◆ Prompt: The response must consist of the lines below from the one with "Used 2020 GMC" through the one with "Vstrekovače Bosch 0445110119 - 3", exactly as they appear and with both ends kept.

◆ Exercise data:
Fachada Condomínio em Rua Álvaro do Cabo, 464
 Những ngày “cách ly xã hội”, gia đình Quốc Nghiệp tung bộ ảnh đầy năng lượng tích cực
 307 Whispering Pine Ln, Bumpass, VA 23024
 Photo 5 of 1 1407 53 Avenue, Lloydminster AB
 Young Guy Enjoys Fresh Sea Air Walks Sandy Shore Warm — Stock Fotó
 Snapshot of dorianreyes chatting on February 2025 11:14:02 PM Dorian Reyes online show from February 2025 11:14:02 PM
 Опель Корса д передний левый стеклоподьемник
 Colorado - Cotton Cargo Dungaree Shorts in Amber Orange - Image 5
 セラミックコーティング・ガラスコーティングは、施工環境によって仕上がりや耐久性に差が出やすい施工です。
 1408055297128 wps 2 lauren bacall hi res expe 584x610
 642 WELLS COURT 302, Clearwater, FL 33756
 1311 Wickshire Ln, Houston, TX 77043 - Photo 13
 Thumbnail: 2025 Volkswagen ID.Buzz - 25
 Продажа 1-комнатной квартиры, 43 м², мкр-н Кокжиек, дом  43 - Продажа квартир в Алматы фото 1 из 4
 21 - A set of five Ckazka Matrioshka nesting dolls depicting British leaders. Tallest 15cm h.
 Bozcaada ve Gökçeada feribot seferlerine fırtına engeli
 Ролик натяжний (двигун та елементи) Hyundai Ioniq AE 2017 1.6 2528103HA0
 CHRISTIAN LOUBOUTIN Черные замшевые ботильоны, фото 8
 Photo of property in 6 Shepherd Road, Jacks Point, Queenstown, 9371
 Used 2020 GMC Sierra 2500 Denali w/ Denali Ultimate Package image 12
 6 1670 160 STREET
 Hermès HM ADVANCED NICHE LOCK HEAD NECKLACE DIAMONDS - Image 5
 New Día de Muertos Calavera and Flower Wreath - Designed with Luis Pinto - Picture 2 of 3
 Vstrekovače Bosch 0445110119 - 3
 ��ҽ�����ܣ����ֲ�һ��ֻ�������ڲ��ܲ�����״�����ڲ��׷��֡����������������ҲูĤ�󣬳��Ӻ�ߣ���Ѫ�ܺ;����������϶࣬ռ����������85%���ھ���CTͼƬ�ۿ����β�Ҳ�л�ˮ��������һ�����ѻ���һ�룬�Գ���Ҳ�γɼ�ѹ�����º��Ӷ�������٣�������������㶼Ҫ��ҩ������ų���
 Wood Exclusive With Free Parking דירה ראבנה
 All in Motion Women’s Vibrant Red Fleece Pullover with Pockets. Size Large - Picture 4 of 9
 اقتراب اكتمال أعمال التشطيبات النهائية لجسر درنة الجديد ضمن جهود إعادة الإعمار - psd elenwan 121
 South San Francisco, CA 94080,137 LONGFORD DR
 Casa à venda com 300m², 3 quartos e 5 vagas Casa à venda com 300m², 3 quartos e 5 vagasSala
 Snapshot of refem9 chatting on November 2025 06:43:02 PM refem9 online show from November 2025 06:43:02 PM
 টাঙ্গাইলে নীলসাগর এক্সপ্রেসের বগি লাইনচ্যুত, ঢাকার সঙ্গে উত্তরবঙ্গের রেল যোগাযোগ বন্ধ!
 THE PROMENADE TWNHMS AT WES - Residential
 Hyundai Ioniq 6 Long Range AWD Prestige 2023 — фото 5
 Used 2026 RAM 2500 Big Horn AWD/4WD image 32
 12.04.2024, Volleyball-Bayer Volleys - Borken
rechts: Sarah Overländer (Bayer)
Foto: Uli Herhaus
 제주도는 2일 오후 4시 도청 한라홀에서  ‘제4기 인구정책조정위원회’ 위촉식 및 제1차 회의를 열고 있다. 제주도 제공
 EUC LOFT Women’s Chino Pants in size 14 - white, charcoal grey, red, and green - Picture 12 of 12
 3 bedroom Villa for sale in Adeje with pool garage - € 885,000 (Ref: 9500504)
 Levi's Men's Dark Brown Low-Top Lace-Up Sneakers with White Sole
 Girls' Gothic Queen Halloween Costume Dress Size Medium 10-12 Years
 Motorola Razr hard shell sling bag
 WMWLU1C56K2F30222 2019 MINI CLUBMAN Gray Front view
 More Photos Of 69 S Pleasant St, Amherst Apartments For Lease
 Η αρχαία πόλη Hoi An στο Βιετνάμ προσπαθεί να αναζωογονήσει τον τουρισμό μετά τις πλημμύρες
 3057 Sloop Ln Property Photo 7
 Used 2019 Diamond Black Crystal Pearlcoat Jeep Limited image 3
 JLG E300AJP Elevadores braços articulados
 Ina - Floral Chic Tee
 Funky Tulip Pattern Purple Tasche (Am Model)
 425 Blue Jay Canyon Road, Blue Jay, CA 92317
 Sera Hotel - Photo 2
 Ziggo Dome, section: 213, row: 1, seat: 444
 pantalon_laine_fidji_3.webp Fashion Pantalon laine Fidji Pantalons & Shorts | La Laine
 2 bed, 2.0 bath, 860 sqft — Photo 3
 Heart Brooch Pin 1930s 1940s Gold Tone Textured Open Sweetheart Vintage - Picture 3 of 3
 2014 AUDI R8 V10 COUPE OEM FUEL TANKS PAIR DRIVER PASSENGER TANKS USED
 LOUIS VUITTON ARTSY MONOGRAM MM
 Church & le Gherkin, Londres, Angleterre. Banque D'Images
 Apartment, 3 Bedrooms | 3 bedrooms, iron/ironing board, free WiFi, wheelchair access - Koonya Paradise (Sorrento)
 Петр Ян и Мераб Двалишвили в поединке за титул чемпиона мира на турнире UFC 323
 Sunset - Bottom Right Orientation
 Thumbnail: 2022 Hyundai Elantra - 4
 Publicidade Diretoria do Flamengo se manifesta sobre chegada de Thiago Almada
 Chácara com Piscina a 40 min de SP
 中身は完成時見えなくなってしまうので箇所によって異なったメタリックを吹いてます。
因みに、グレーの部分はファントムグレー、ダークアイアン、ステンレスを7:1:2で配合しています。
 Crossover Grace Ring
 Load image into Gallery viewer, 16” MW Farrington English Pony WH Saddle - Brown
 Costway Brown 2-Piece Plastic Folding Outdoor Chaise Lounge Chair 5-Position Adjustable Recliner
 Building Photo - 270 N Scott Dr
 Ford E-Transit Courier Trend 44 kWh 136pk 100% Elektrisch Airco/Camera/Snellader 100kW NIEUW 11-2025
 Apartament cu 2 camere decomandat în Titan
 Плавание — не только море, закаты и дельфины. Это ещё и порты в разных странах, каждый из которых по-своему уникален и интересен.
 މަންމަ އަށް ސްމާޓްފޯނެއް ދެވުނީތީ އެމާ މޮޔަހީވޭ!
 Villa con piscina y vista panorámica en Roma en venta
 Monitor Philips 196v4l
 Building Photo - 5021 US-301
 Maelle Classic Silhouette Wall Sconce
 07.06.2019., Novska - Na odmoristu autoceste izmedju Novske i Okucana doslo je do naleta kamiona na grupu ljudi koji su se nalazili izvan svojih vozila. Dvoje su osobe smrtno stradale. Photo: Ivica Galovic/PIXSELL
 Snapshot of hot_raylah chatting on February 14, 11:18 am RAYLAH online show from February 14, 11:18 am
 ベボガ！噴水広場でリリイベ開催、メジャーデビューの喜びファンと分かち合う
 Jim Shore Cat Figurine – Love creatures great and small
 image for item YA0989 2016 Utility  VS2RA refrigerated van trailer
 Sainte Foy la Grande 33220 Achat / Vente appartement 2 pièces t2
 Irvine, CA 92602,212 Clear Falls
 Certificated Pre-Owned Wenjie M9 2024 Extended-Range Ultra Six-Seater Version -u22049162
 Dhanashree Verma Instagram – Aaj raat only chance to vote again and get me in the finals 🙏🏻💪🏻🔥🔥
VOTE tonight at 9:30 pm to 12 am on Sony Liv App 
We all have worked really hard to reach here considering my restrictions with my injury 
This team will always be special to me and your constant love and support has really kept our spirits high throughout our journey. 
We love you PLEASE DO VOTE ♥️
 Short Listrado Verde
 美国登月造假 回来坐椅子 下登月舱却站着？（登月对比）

◆ Result for this exercise:
 Used 2020 GMC Sierra 2500 Denali w/ Denali Ultimate Package image 12
 6 1670 160 STREET
 Hermès HM ADVANCED NICHE LOCK HEAD NECKLACE DIAMONDS - Image 5
 New Día de Muertos Calavera and Flower Wreath - Designed with Luis Pinto - Picture 2 of 3
 Vstrekovače Bosch 0445110119 - 3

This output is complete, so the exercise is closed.